This ties in closely to the conversation system. It feels like every aspect of how you interact with Revachol and its denizens is being constantly analysed by the game. The game tries to shy away from clear-cut “Choice A” or “Choice B” scenarios, instead moulding your character and the world around you to how you deal with situations, where your ideologies sit, and what attitudes you adopt. The Thought Cabinet mechanic allows you to focus on various different mentalities you gain through your playthrough, which can provide you with new dialogue options, or bonuses and debuffs to your skills. Have you let your keen detective skills turn into delusions of grandeur? You might pick up a thought of being a Superstar Cop which can increase the learning cap of a few skills. Did you humour an NPC’s racist ravings? You can internalise the thought to provide alternative dialogue with them (maybe at the cost of your own real-life self-respect).

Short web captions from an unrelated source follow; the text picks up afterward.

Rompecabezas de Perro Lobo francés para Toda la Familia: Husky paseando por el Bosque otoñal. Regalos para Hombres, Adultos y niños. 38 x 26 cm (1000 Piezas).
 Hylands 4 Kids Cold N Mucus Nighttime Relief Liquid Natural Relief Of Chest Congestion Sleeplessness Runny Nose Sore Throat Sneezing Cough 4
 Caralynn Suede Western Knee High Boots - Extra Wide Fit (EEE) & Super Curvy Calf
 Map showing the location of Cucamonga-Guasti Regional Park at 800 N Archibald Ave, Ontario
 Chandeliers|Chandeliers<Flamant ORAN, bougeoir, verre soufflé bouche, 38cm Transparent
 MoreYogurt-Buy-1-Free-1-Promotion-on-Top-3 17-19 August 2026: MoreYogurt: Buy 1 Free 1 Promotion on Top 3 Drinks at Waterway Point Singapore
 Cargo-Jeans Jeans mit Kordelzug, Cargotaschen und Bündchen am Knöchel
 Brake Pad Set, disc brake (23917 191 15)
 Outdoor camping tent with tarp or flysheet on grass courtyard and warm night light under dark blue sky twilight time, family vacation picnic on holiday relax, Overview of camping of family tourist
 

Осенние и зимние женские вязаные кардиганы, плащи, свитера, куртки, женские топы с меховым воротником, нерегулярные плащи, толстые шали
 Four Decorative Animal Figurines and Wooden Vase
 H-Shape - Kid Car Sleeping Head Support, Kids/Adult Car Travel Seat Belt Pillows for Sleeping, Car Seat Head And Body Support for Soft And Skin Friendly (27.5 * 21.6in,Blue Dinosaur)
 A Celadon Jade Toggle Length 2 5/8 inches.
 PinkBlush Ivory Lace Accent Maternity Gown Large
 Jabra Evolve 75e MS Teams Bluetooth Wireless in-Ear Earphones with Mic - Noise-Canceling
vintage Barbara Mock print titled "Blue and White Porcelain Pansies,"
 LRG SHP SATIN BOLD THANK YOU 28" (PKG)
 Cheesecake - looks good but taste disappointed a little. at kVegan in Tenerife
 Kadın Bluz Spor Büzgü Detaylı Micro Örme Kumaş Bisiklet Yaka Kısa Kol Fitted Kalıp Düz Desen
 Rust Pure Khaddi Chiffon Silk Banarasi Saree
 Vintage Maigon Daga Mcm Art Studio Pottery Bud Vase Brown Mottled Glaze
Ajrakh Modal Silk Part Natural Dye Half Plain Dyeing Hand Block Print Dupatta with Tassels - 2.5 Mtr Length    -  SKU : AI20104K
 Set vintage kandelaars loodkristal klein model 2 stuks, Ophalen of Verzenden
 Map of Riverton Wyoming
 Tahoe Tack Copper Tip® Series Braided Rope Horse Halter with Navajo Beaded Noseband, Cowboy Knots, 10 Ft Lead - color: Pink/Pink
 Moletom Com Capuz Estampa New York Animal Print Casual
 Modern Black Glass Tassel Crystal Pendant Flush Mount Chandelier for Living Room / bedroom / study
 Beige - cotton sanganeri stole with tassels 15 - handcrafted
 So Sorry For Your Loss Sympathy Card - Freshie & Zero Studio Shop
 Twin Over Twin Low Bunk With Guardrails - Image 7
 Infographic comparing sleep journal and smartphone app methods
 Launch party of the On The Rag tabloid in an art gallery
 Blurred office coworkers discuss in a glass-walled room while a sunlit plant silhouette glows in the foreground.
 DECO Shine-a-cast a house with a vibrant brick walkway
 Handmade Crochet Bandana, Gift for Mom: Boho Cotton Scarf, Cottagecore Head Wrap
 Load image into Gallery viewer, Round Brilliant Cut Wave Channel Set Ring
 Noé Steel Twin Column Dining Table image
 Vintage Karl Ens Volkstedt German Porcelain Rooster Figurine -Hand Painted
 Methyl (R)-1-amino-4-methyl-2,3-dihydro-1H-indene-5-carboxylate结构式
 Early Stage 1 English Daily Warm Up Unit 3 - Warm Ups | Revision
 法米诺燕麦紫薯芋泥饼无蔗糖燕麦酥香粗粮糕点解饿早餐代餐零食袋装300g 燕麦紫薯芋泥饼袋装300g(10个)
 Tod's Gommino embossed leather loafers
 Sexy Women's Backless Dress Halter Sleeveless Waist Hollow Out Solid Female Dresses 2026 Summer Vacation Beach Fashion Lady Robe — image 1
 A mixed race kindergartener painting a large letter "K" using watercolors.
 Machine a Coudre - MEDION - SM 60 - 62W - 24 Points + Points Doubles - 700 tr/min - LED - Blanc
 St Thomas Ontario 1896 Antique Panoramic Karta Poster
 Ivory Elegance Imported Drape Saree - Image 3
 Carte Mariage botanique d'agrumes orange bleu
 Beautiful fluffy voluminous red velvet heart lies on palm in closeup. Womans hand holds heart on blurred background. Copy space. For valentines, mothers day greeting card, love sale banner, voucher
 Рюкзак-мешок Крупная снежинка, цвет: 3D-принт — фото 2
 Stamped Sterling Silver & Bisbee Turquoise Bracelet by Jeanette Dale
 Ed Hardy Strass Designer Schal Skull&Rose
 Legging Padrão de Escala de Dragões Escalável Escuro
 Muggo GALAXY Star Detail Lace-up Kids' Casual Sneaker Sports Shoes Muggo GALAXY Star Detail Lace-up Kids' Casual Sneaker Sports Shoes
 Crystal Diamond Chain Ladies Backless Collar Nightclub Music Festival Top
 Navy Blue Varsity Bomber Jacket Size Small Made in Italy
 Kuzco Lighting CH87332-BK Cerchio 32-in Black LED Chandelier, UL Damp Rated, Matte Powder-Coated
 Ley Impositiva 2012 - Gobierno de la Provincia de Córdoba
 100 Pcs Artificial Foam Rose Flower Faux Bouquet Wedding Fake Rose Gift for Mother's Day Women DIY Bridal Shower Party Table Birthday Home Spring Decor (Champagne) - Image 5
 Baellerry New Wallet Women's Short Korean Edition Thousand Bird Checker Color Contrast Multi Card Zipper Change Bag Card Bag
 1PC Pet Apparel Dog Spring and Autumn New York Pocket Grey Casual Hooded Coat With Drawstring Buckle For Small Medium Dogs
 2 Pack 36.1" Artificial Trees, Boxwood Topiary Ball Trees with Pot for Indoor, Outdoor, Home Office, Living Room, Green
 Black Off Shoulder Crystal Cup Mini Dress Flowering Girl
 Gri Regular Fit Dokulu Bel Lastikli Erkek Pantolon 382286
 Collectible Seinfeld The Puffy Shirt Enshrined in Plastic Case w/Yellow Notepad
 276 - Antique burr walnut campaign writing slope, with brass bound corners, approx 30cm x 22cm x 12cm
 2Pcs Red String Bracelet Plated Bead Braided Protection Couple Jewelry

The skill-check system is refreshingly dynamic, not only taking your skills into account, but how you had interacted with the person/scenario beforehand to positively or negatively sway the result. Most of the skill checks can be reattempted once you level up the respective skill, but you’ll still find some which can be a hard pass or fail. There are also background skill checks occurring throughout every conversation, determining whether your mind will speak back to you and suggesting how you should handle the situation, which might not always be the most beneficial advice. That’s what sets this apart from most other RPGs I’ve played. Save scumming is something that most players do, and I’ve fallen victim to the temptation myself in many games, but never in Disco Elysium. Your failures still progress the story; maybe not in the exact step you wanted it to, but you’ll still be provided with a sequence or conversation that is thoroughly rewarding and enjoyable. The variety of background skill checks throughout your conversations means that they could be different every time, and by extension, you don’t have to worry about missing content through failure, because there is just so much of it. Like I said before, Disco Elysium is a ride. You can control it, but don’t be afraid to throw caution to the wind and let the game take you down unfamiliar paths.
I’ve long been an advocate of recognising videogames as an art form, and Disco Elysium further cements that. A game that feels like it was a medium for a dedicated set of writers to deliver a story as opposed to a game that happens to have a great story, Disco Elysium is as thought-provoking as it is innovative. The paint-palette-esque beauty of its visual presentation, the soundtrack that perfectly sits amongst the ambiance of the world; you owe it to yourself to dive into this game. In this world nothing can be certain, except death, taxes, and Disco.
Disco Elysium - The Final Cut (Reviewed on Windows)
Outstanding. Why do you not have this game already?
Traversing the mind of your character is as much a plot as the case you’re trying to solve, and once you’re immersed into the world of Revachol, you’ll be struggling to leave.